A smattering of bills now before the Georgia General Assembly, if passed into law as now written, would cast a heavy, dark cloak over government processes that, with rare exception, should be open to public examination.
Such a drawing of blinds around the people’s business should not occur this year – or ever. It’s now up to right-thinking Georgians to keep that from happening. Citizens who value freedom and intuitively recognize the unacceptable downside of government routinely conducting too much business outside of public scrutiny should make their voices heard — before inappropriate measures move any closer to fruition.
Americans are taught – or should be – to appreciate the concept of transparent governance. This is not a dreamy-eyed ideal. It is, and should remain, a primary pillar of our free society.
It’s not an easy principle to achieve. Safeguarding competing interests is tough work. As in finding an appropriate, workable equilibrium between, say, an individual’s right of privacy and the broader mandate for an open government. The push-pull between these never ends, given incessant evolution in both society and technology.
Yet the public’s interest in being able to observe its government at work and assess its performance cannot be sold short. It is too important a factor in the equation we call freedom.
How is a portion of all that at real risk now in Georgia? For starters, several bills contain similar language addressing “when public disclosure is not required.” That’s too often a bad place to start from when crafting legislative intent.
Take House Bill 845: As written, it would have unduly limited public release of booking photographs of criminal suspects. Thankfully, its language was softened in committee. Under an earlier interpretation, the bill could have prevented release of so-called “mug shots” until the person has been convicted – which often occurs long after arrest.
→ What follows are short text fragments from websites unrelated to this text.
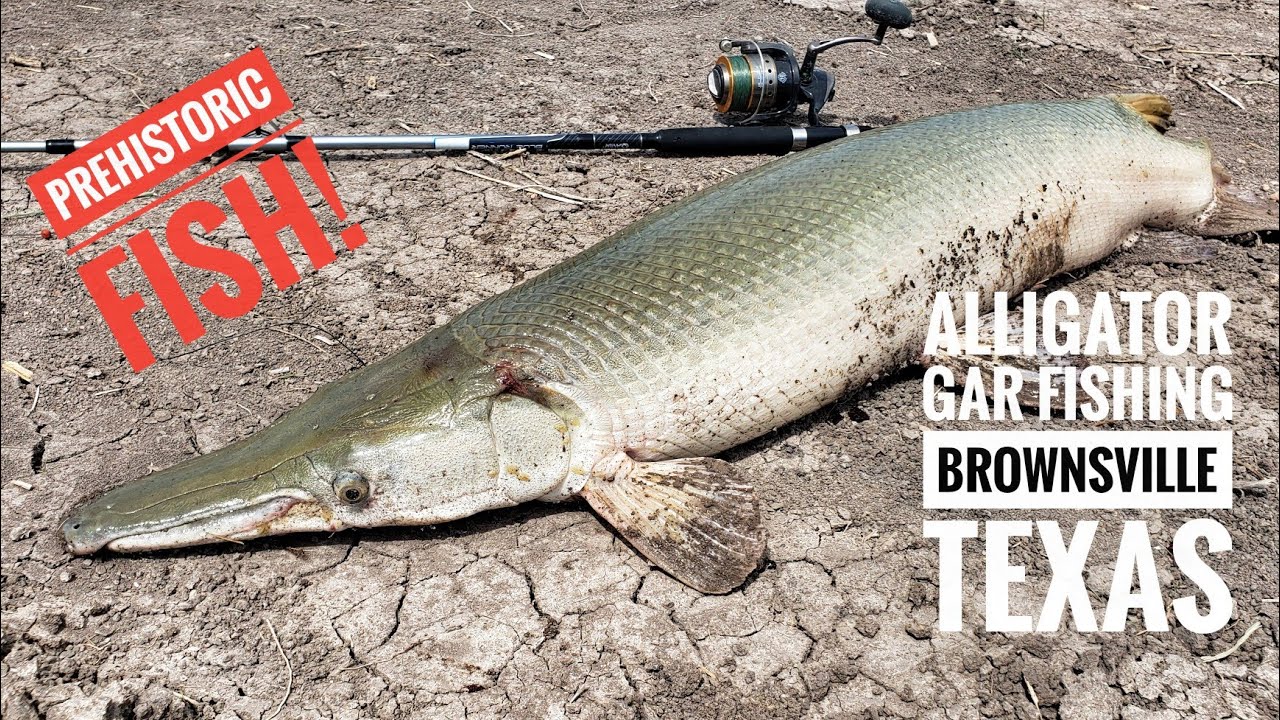 ALLIGATOR GAR (CATAN) FISHING BROWNSVILLE TEXAS
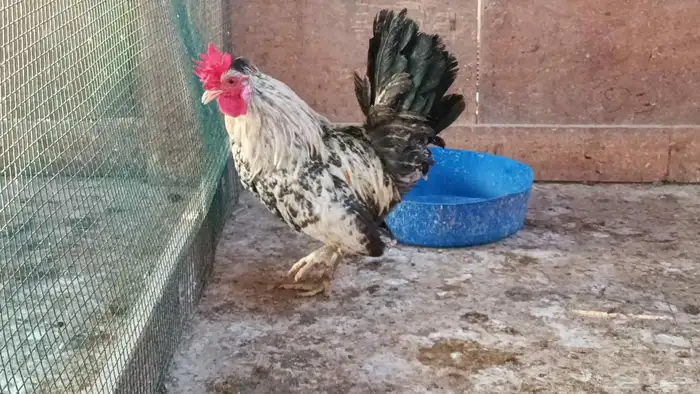 ديك عربي 7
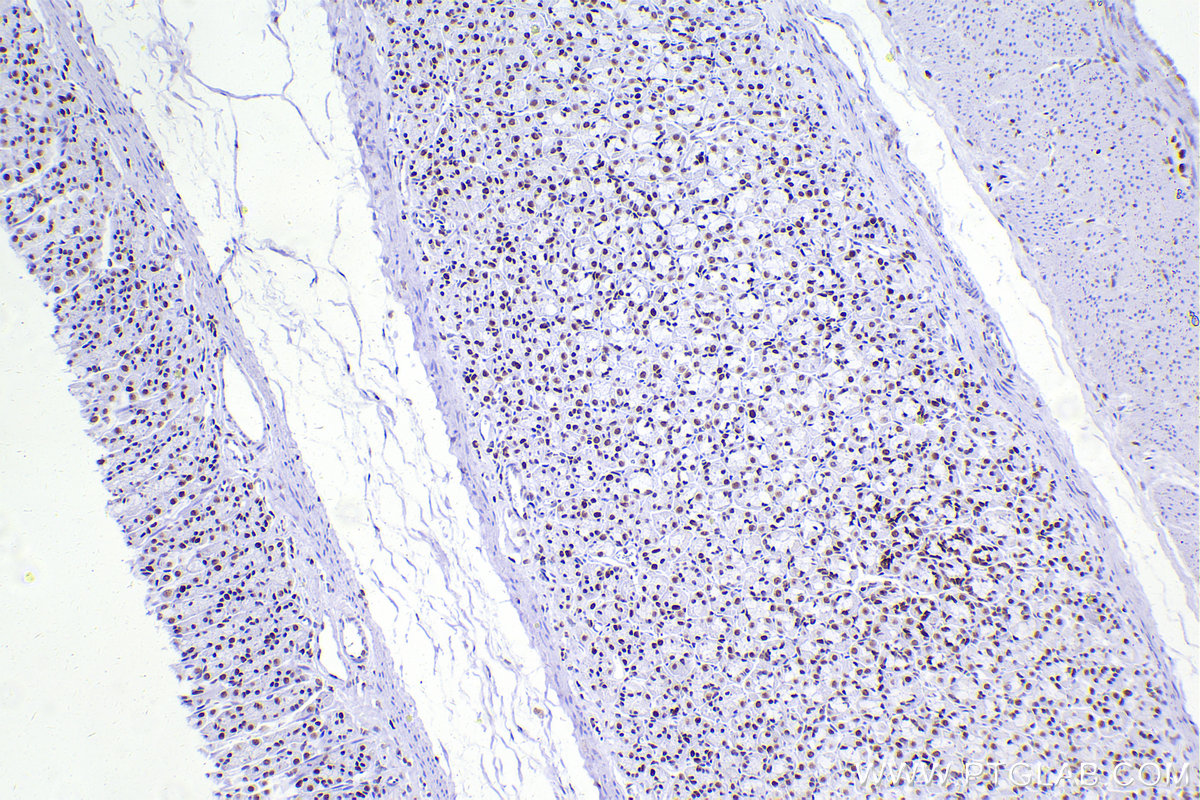 IHC staining of rat stomach using 83258-5-RR (same clone as 83258-5-PBS)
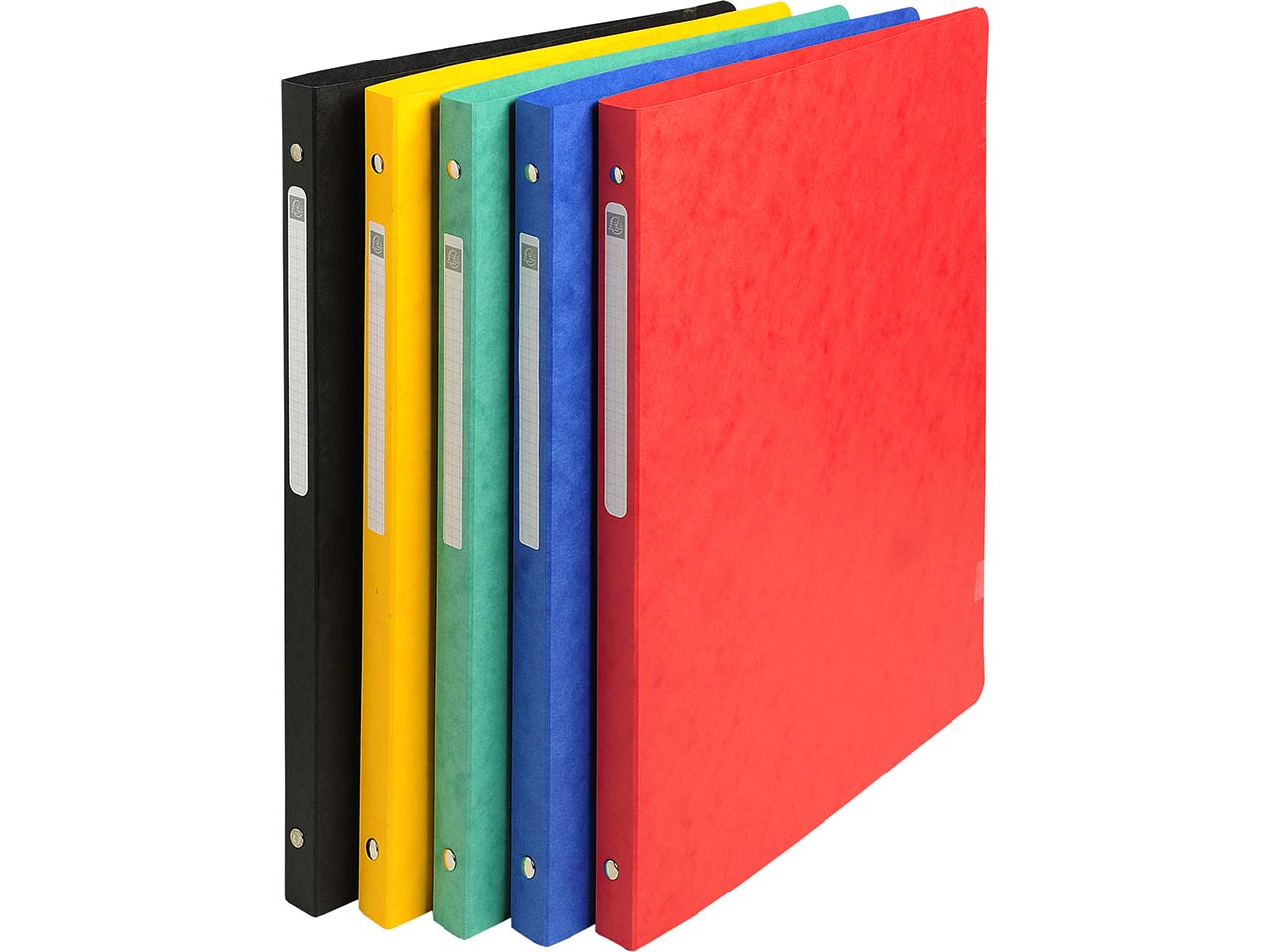 20 Exacompta Ringbücher, Colorspan-Karton, 355 g/m², DIN A4, 4 Ringe, sortiert
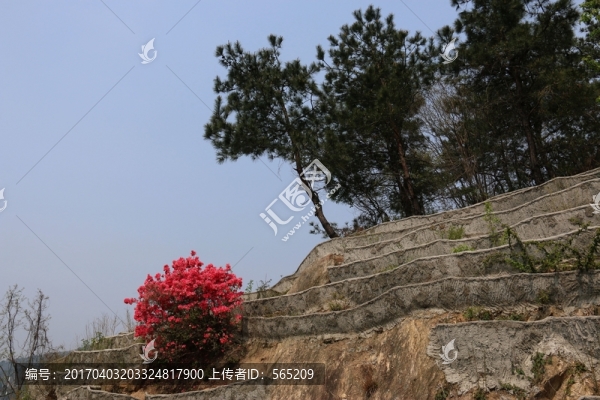 云霧山風(fēng)景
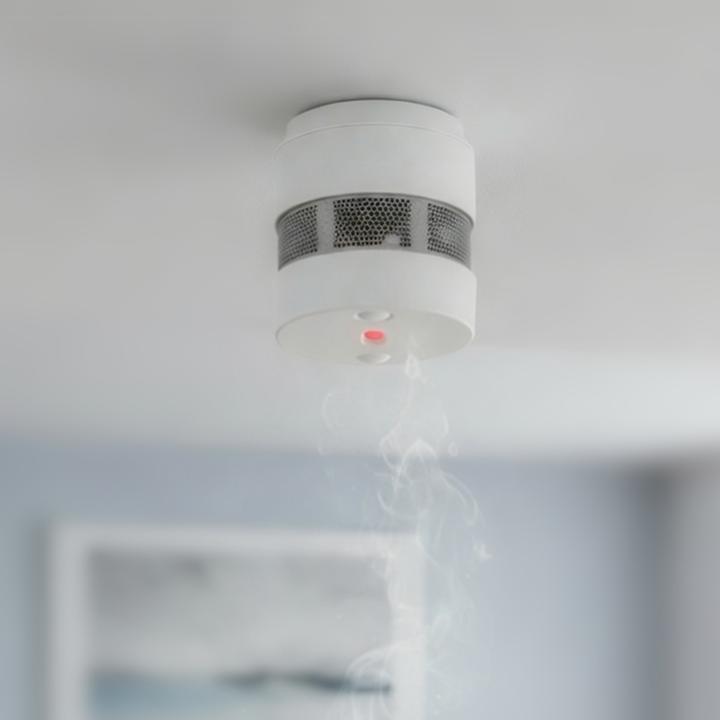 Actual product image Alecto SD1020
That result, while intended to safeguard the privacy of those who are, yes, innocent until proven guilty, would have led to too much of the criminal justice process occurring outside public scrutiny. We’ll admit our industry’s interest here as journalists, researchers and ordinary citizens alike need unfettered access to basic information, including photos of those arrested and charged with crimes. That’s long been the practice of our free society and serves its needs well on the whole. Denying such access to records would come too close to practices of police states for Georgians to accept, in our view.
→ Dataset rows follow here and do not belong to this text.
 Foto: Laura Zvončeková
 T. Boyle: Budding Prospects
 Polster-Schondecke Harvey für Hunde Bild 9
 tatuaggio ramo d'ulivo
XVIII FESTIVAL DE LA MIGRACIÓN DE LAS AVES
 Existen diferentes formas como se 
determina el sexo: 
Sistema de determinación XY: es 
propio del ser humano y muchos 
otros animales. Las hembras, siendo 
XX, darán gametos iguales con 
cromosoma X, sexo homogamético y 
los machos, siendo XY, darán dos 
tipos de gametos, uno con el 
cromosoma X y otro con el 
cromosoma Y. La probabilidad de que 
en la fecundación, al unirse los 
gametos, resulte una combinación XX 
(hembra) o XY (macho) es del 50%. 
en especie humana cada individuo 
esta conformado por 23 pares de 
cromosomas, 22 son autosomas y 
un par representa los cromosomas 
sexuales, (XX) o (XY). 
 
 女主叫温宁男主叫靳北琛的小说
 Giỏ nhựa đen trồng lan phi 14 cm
A later version of the bill more appropriately brings its force against only those entities that charge money for removing mug shots from public view.
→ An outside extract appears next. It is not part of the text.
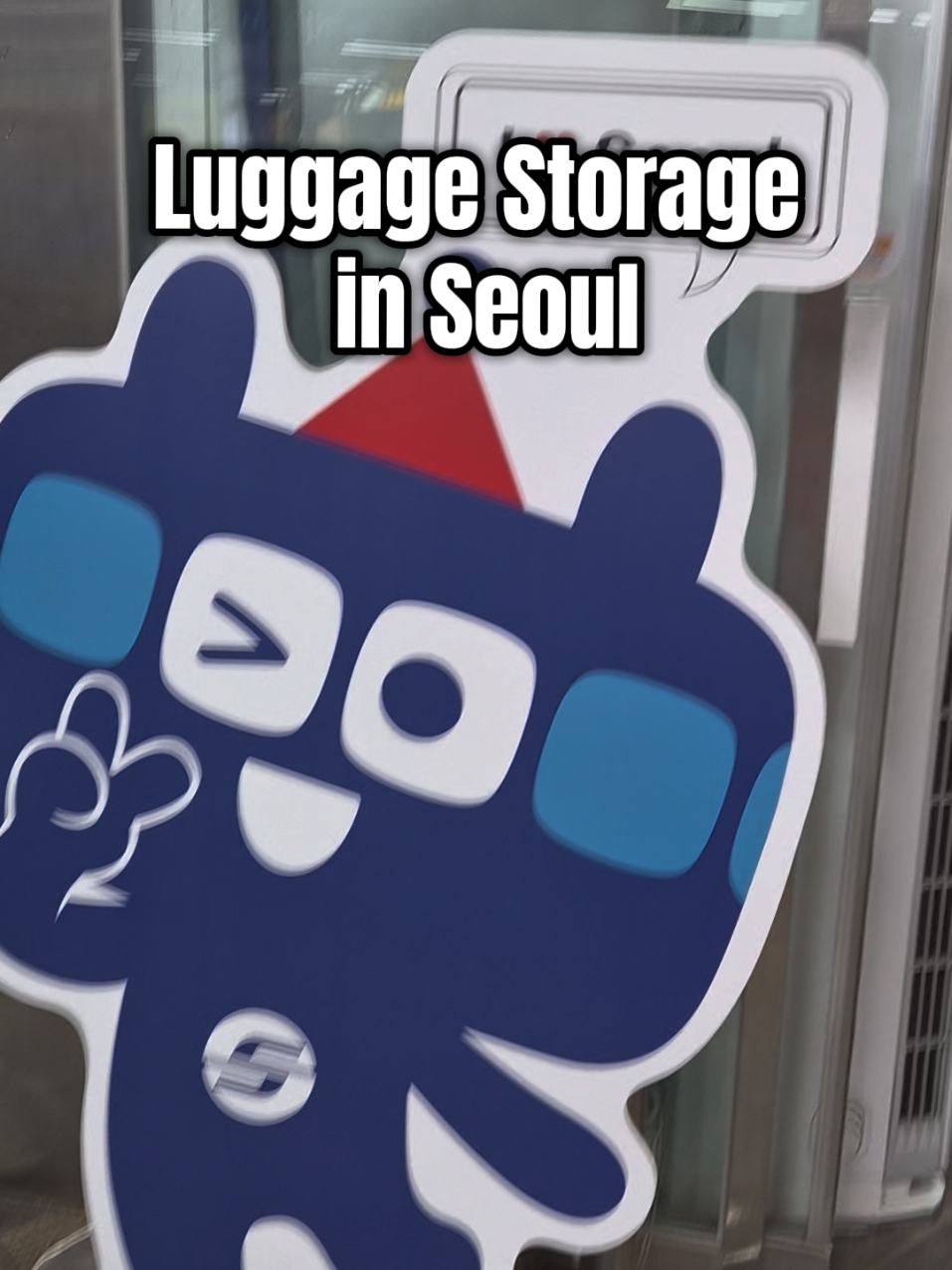 Seoul Luggage Storage Options Near Transit Hubs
Another measure, House Bill 828, would unacceptably limit news media access to auto accident reports. It grants media access only to information more than 60 days old. That time gap amounts to a black hole which should be unthinkable in a free society. The public deserves information as soon as practicable, not after two months’ time. Georgia should find a better way to achieve the intended goal of thwarting pesky people from soliciting business from car accident victims.
Individual rights are one matter. Other bills are quite troubling because of their unacceptably broad purview and intent.
House Bill 935 would exempt the affairs of public retirement systems from disclosure. Perhaps as a consolation prize, the bill would reduce from three years to two the requirement for actuarial investigation of said pension systems. The net effect would pretty much grant full police powers to foxes when it comes to guarding henhouses. That would be a bad thing, in our view.
Given human nature and the large volume of dollars handled by public pension systems, the potential for mischief to remain undiscovered is far too great for this measure to be given further serious consideration. It deserves to go nowhere fast.
To that point, it is a credit to the state House that a similar bill, HB 796, seems to have been sidetracked for this year. It should not rise again. It would “exempt from public inspection” payroll and personnel records of private contractors performing work on public property.
You read that correctly. The bill would remove from public scrutiny the processes by which untold billions of dollars of taxpayer money are routinely spent. That’s an outrageous prospect, especially in a time when the phrase “public-private partnership” seems among the most often voiced by bureaucrats and elected officials.
To their credit, some lawmakers apparently recognized the ludicrous nature of this bill. It, and the concept it represents, should remain buried for all time.
Taken in sum, the “public disclosure” bills before the legislature give powerful testimony to the time-honored saying that “the price of liberty is eternal vigilance.”
Government transparency makes that possible. Citizens should demand it, and the General Assembly should do nothing to unduly restrict it.